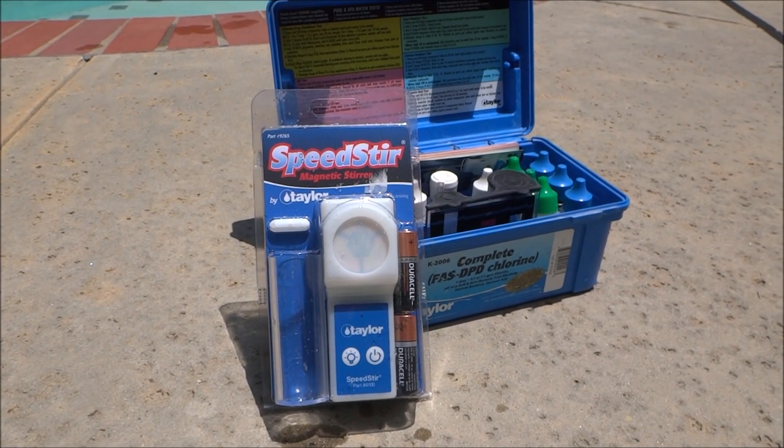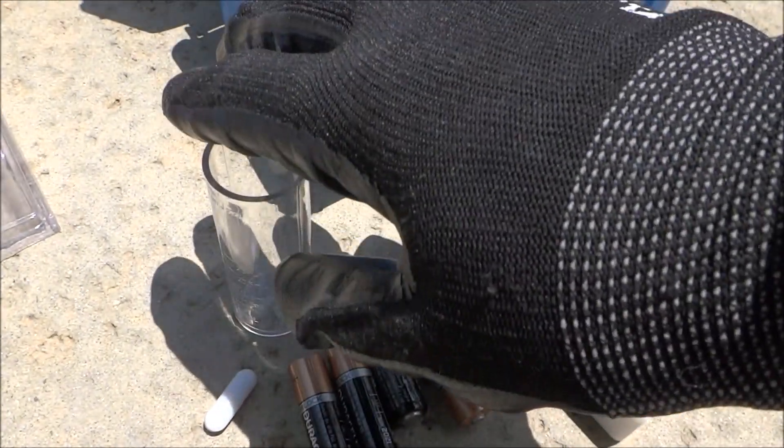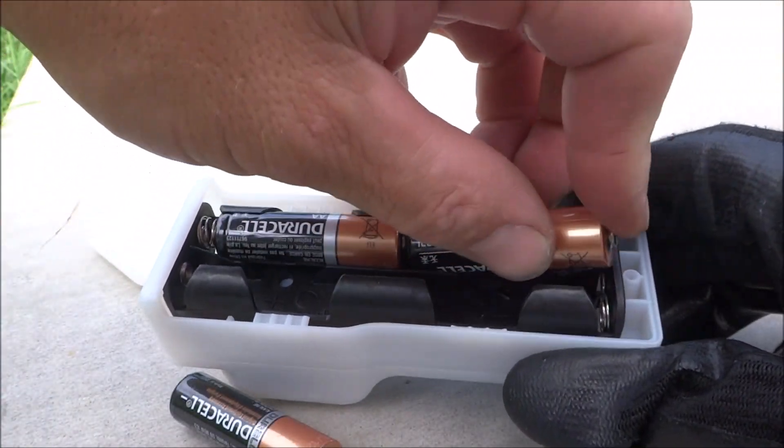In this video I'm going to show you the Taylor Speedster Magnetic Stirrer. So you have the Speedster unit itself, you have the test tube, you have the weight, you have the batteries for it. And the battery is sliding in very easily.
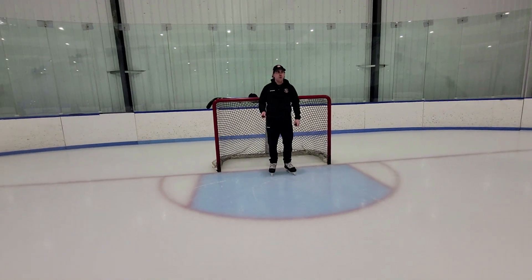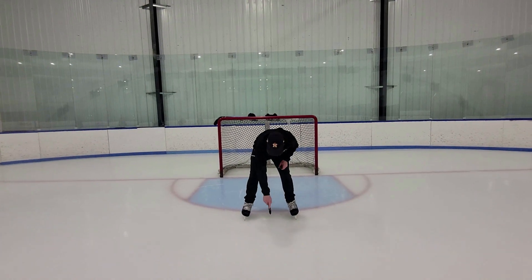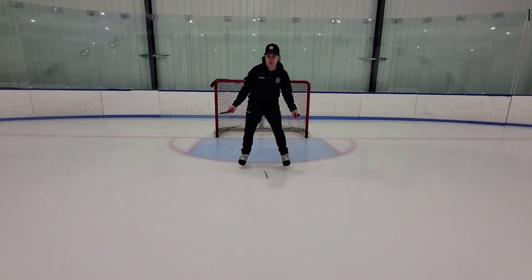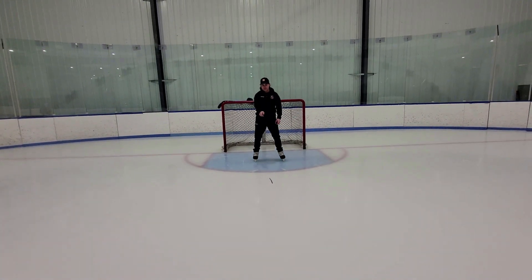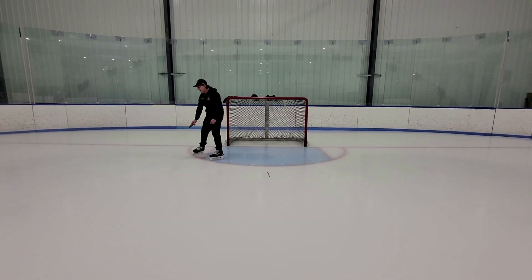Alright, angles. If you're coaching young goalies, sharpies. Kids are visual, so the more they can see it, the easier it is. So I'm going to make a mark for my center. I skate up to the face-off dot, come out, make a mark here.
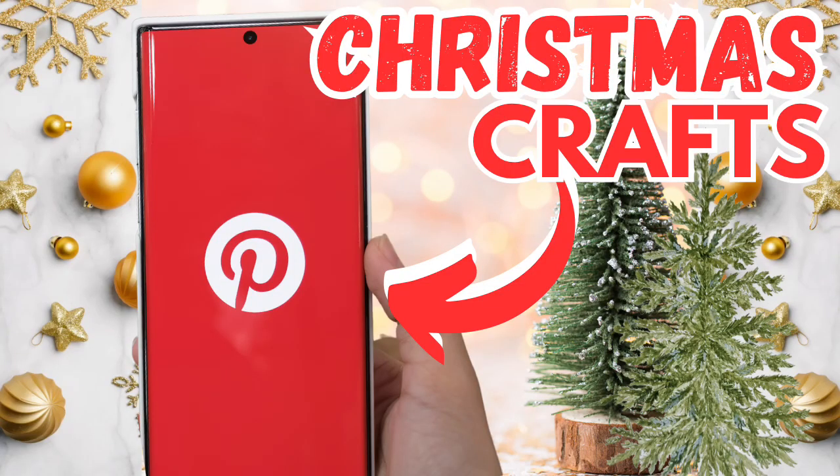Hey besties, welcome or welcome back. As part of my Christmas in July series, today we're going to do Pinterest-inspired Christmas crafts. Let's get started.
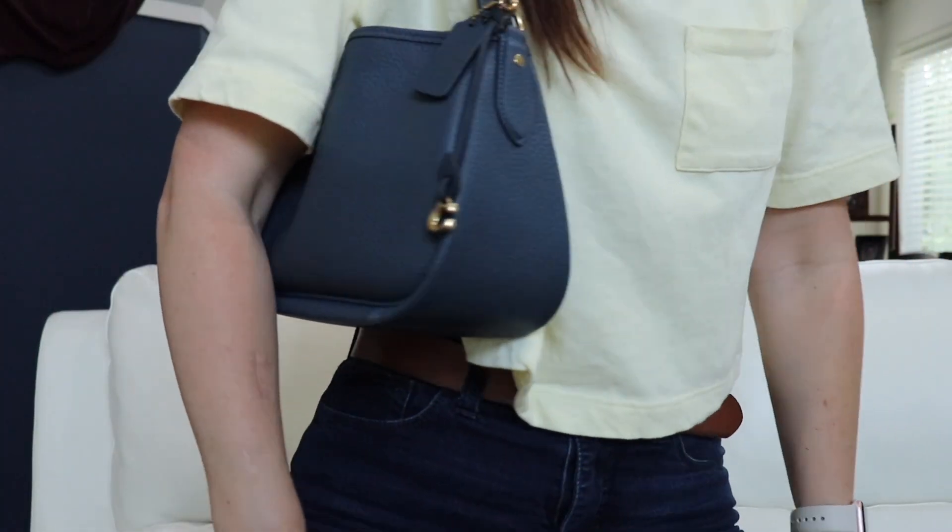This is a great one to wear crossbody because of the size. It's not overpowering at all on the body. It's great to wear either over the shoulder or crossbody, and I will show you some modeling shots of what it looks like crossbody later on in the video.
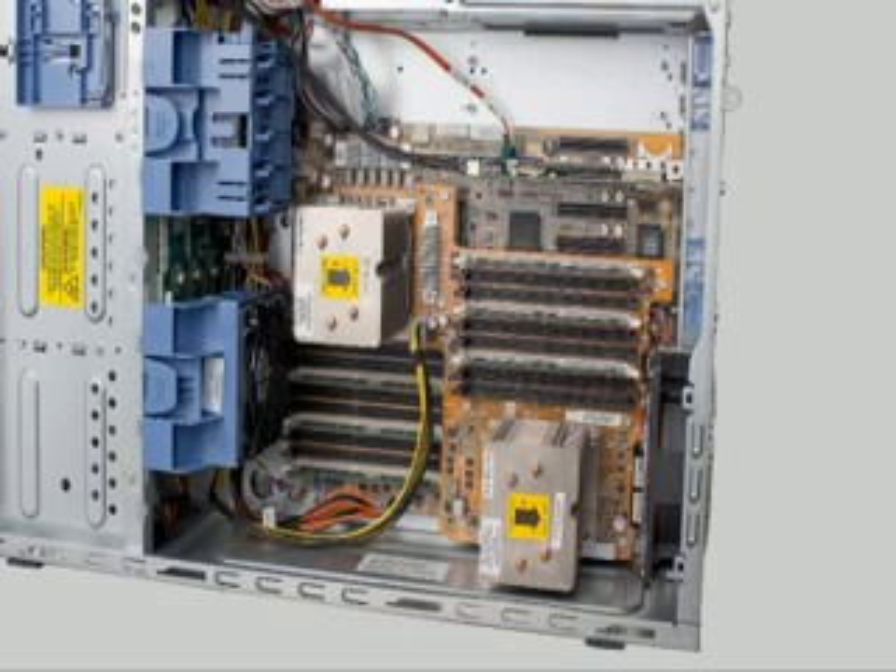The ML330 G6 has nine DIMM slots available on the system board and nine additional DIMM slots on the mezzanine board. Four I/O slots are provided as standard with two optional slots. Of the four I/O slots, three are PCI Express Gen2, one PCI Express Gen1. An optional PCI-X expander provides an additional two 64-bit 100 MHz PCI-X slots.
┄┄┄┄┄┄┄┄┄┄┄┄┄┄┄┄┄┄┄┄
Problem requirements: Repeat the material above word for word and skip every image in it.

Written solution:
In this video I'm going to show you the Taylor Speedster Magnetic Stirrer. So you have the Speedster unit itself, you have the test tube, you have the weight, you have the batteries for it. And the battery is sliding in very easily.
Alright, angles. If you're coaching young goalies, sharpies. Kids are visual, so the more they can see it, the easier it is. So I'm going to make a mark for my center. I skate up to the face-off dot, come out, make a mark here.
Hey besties, welcome or welcome back. As part of my Christmas in July series, today we're going to do Pinterest-inspired Christmas crafts. Let's get started.
This is a great one to wear crossbody because of the size. It's not overpowering at all on the body. It's great to wear either over the shoulder or crossbody, and I will show you some modeling shots of what it looks like crossbody later on in the video.
The ML330 G6 has nine DIMM slots available on the system board and nine additional DIMM slots on the mezzanine board. Four I/O slots are provided as standard with two optional slots. Of the four I/O slots, three are PCI Express Gen2, one PCI Express Gen1. An optional PCI-X expander provides an additional two 64-bit 100 MHz PCI-X slots.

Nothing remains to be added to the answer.